_THE TASK_
Emit a verbatim copy of the lines below from the line with "NWOT Zara Snake Print Trouser" through the line with "Ảnh 18+ Phạm Phương Linh 33", excluding pictures and everything outside that range.

_SUPPLIED MATERIAL_

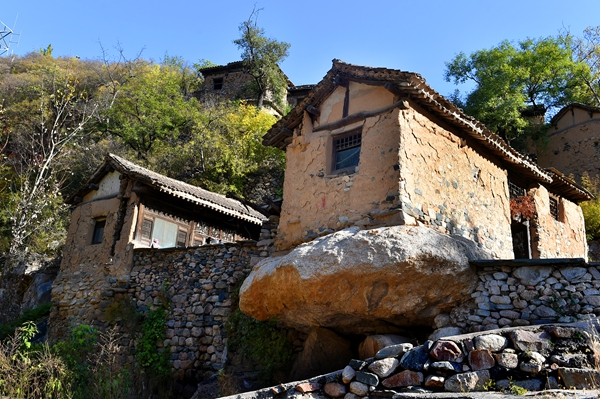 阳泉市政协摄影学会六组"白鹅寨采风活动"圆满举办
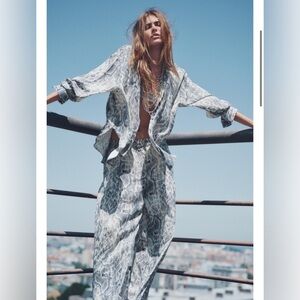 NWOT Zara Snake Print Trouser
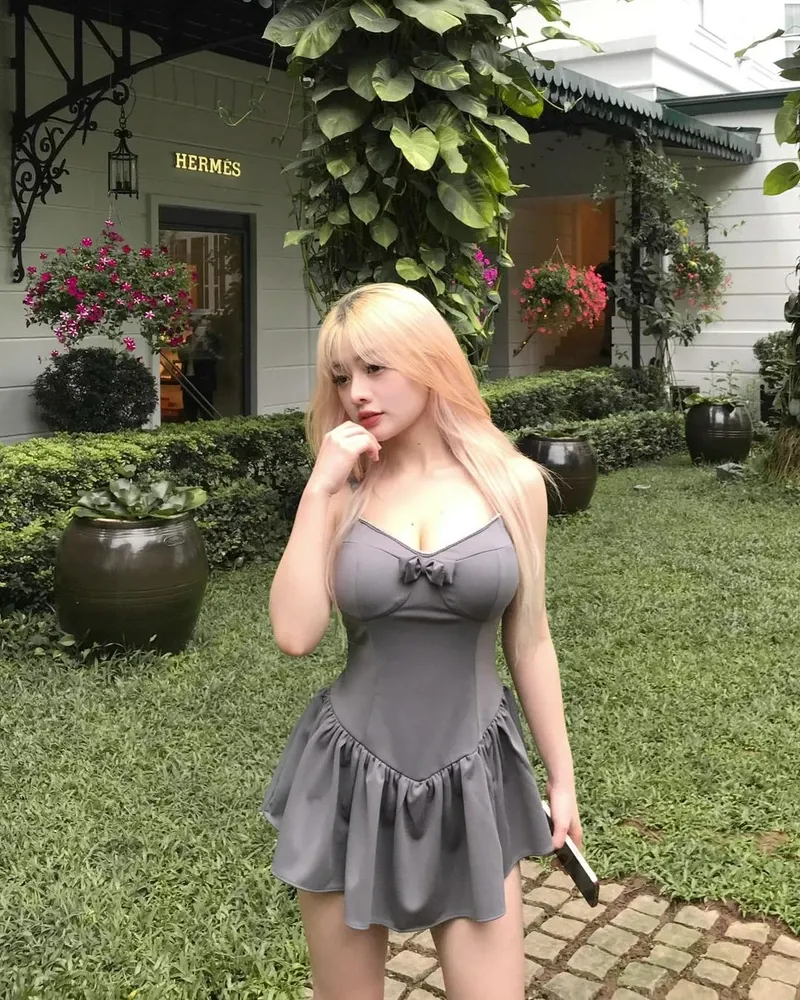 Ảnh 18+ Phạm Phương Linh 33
* * *
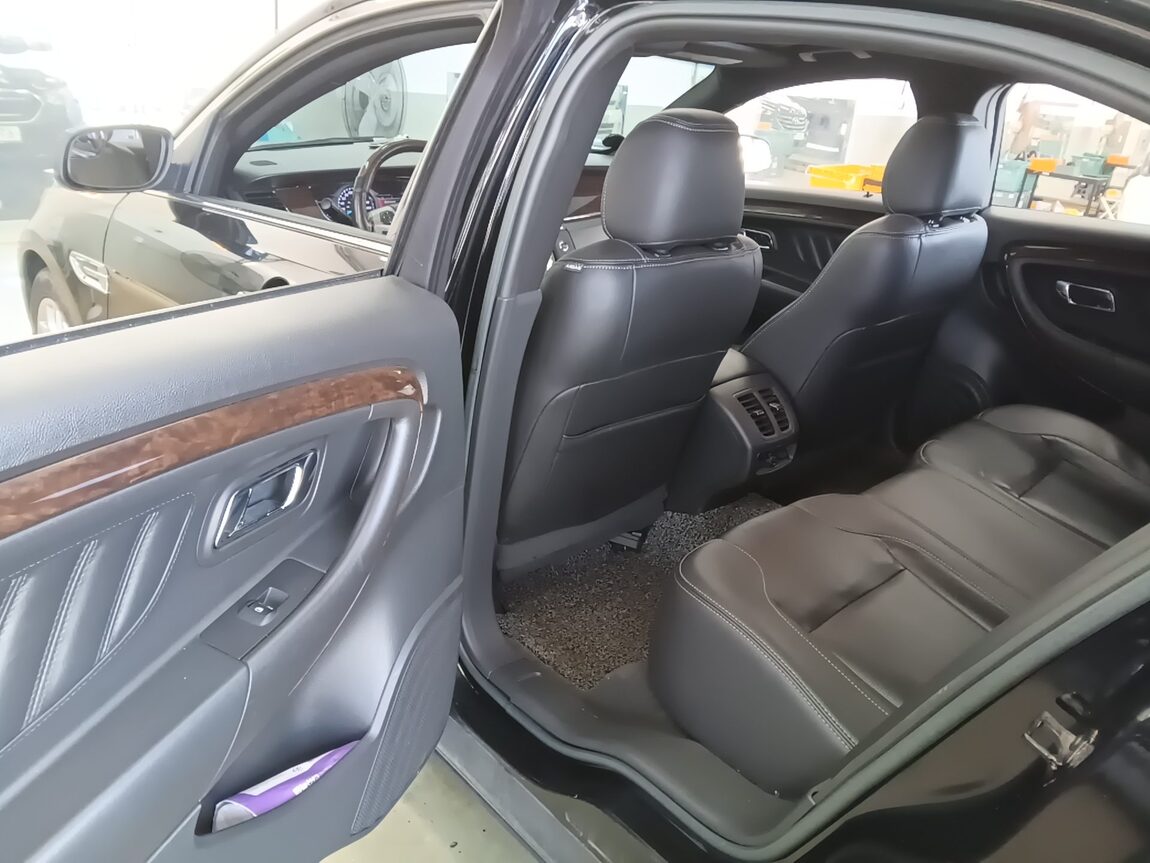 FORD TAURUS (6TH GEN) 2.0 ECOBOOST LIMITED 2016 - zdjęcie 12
* * *
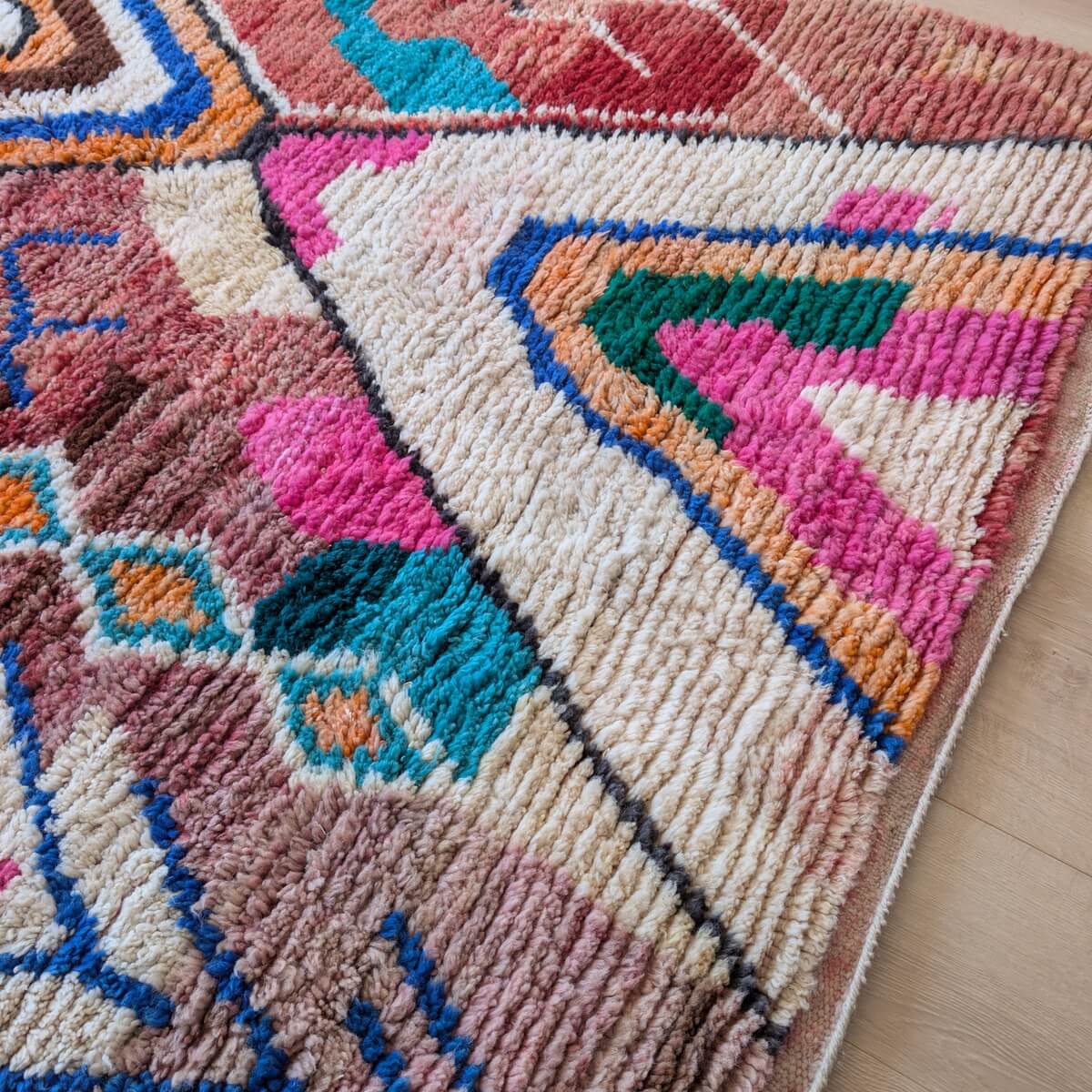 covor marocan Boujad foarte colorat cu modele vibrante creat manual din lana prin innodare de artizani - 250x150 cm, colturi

_SOLUTION FOR THIS EXERCISE_
 NWOT Zara Snake Print Trouser
 Ảnh 18+ Phạm Phương Linh 33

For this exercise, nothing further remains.